This is all very obviously bad, of course, but what if corporations just… treated their workers well? What about Bill Gates? He’s a nice guy. And Microsoft doesn’t seem to have a lot of workplace complaints (if you ignore China).

That’s all lovely, and Bill’s a nice guy, I’m sure, but ultimately it comes down to the same issue of distribution. Pay varies in Microsoft, but you will struggle to find anybody paid any more than £200,000 annually. Gates is worth around £82 billion. His worth increased by about £12 billion this year. I refuse to believe that Gates does so much more works than his workers that he deserves £12 billion in a year whilst some of them get only £40,000. He doesn’t even do a fraction of the work in Microsoft anymore. When he has teams and teams of software developers and testers and technicians doing all the work, by what right does he claim a salary that is 60,000 or even 300,000 times theirs? He came up with the company? Other people are contributing just as much now that he employs them. Any profits are as much a fruit of their labour as his. I don’t care that he’s philanthropic; governments should deal with most of the stuff that charities have to do anyway, so they should tax him, and use “his” wealth in a democratic way, rather than letting some old rich dude decide which causes are worth giving to. And since Gates said that he would stop working and start giving money away to charity, he's managed to double his net worth, and overtake Bezos as the richest person in the world, in case you thought billionaires do their whole charity routine for anything other than PR purposes.

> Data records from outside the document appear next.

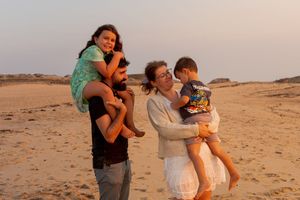 Sessões de famílias ao pôr-do-sol; sessões fotográficas de famílias; ensaios fotográfico de famílias em Vila Nova de Gaia; fotografo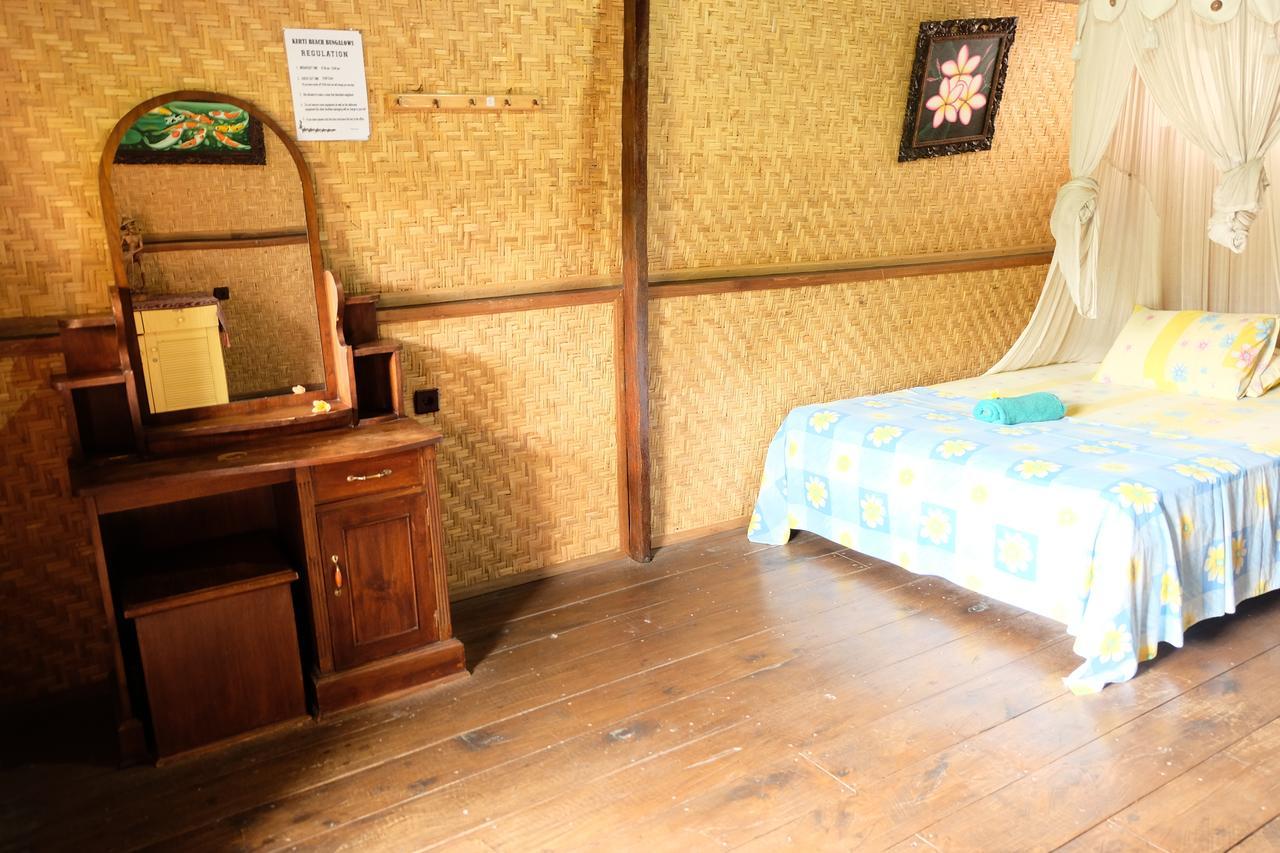 Kerti Beach Bungalow&Restaurant Padang Bai Exterior foto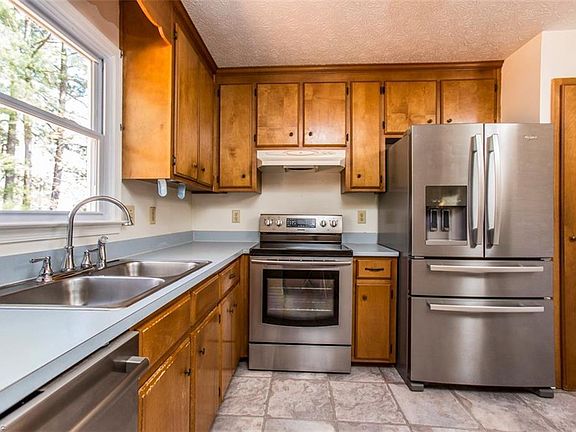 5th image of 927 Pyes Cir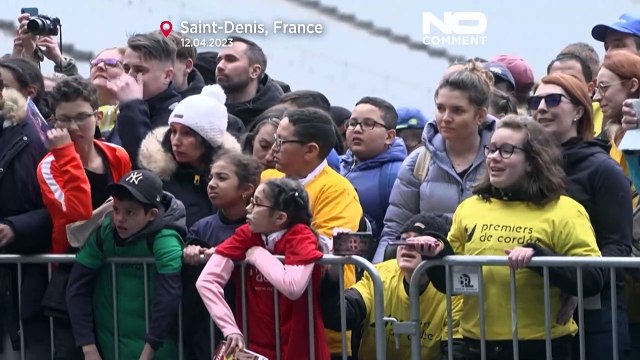 Kylian Mbappé lleva el delirio a Saint-Denis​ jugando al fútbol con los niños más desfavorecidos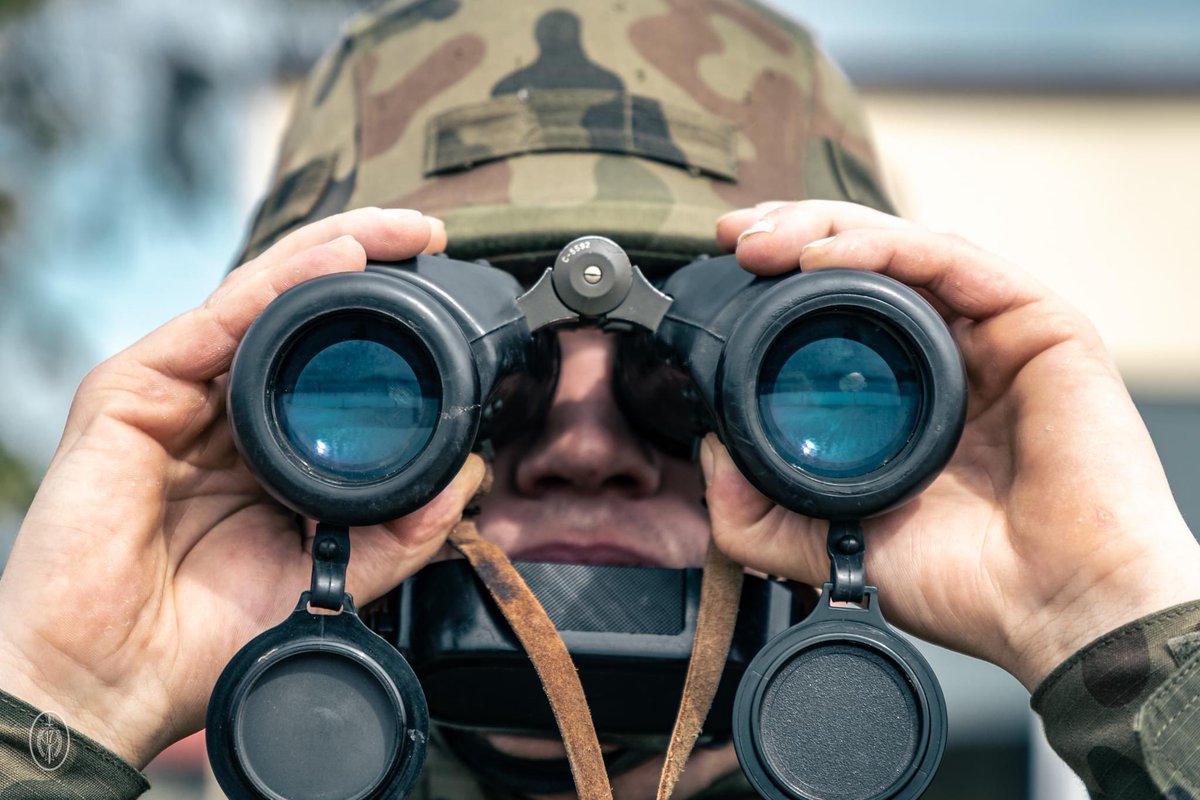 17WBZ's tweet image. 🧐🔭 #Obserwator - zawsze czujny i ma oczy dookoła głowy, bo #bezpieczeństwo w trakcie szkolenia to podstawa. 👍 #17WBZ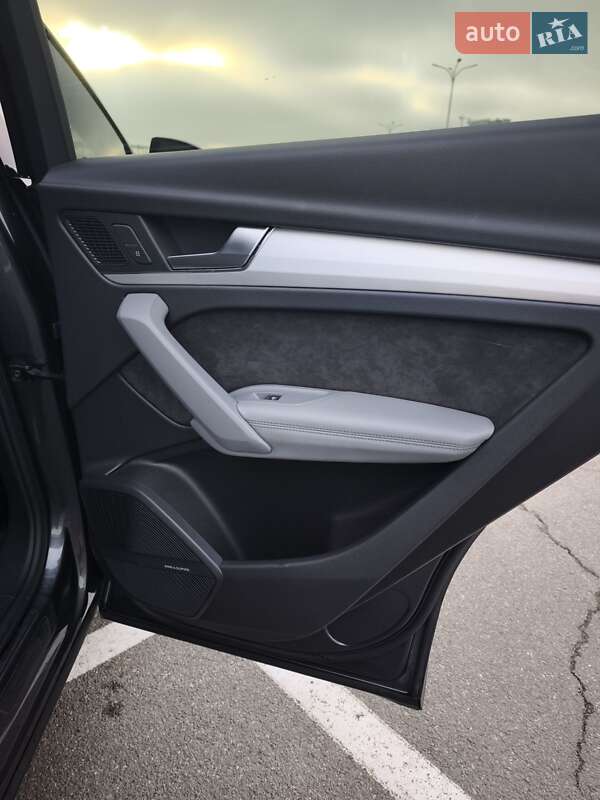 Внедорожник / Кроссовер Audi SQ5 2018 в Киеве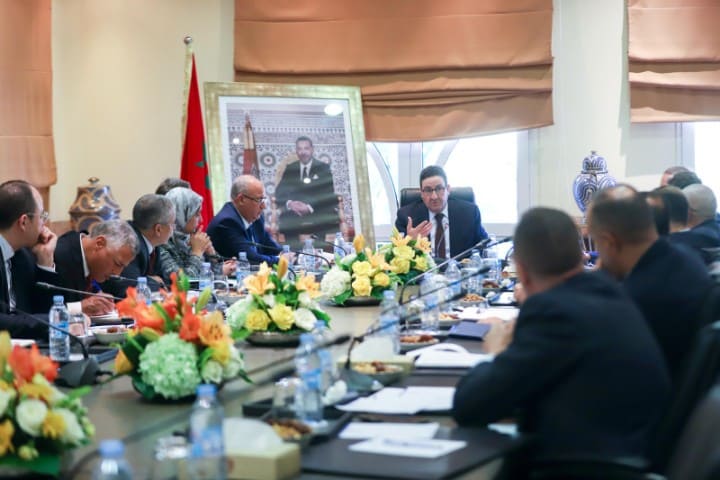 وزارة النقل واللوجيستيك تواصل الحوار مع مهنيي النقل الطرقي لتعزيز الإصلاحات القطاعية وزارة النقل واللوجيستيك تواصل الحوار مع مهنيي النقل الطرقي لتعزيز الإصلاحات القطاعية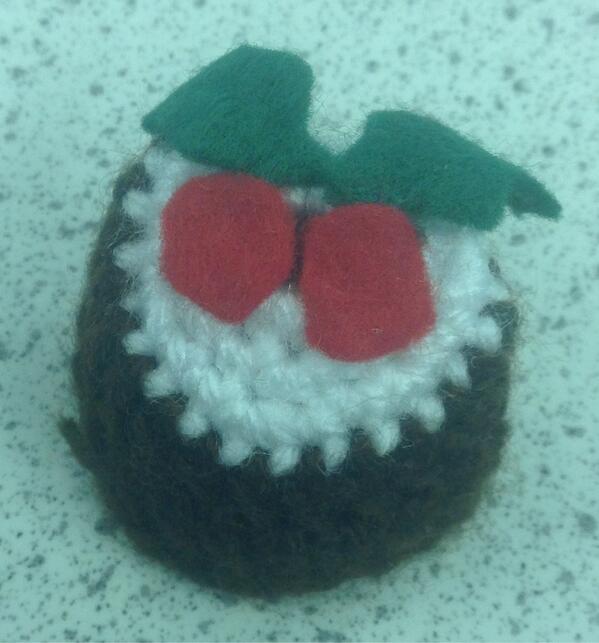 FalliTextiles's tweet image. Or make one of these #Attic24 get festive for Christmas with crochet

And all these examples have been from tech or clothing or sales companies. They are not even the disgusting ones. The healthcare companies who profit off of people’s sickness, the water and electricity companies who hike prices to eke every last penny out of those who just want the bare necessities of life – all have rich men at the top, and all are deserving of the highest disgust. Did you know that Nestlé drained water sources in Pakistan and Nigeria so locals became sick off sludge water, and then tried to sell the very same water back to them in Nestlé bottles. Companies have no scruples when it comes to profit – they will wreck the environment, fund right-wing projects to strip regulations and workers rights, wield massive influence over governments – all for a few extra zeroes in their bank account. This is sick, and must end.

Fortunately, this frustration and horror at the rich and powerful is becoming less and less of a fringe left-wing opinion. Bernie Sanders, a front-runner in the Democratic primary in the US, has used “Billionaires Should Not Exist” as one of his campaign slogans. He advocates for higher taxes, free healthcare and free university for all Americans. Closer to home, Jeremy Corbyn has mainstreamed many left-wing economic ideas, so much so that a drastically higher income tax on billionaires and millionaires seems possible. A pipedream of mine would be to have a tax of 100%, or near enough that it makes no difference, on all wealth over a certain amount – to create a sort of wealth ceiling – to incentivise those who can make such ridiculous money to actually spend it, funnelling it back into the economy, or putting it back into their country’s hands. An even bigger pipedream would be to have an economic system focused on guaranteeing wellbeing for all rather than profit, dominated by worker-owned cooperatives, rather than private companies. These are all a long way in the future, of course. We’re all still stuck with billionaires for now. But that doesn’t mean we can’t fight back. We can still vote for higher taxes for the 1%, for better worker’s rights, and, fundamentally, for a better life for all.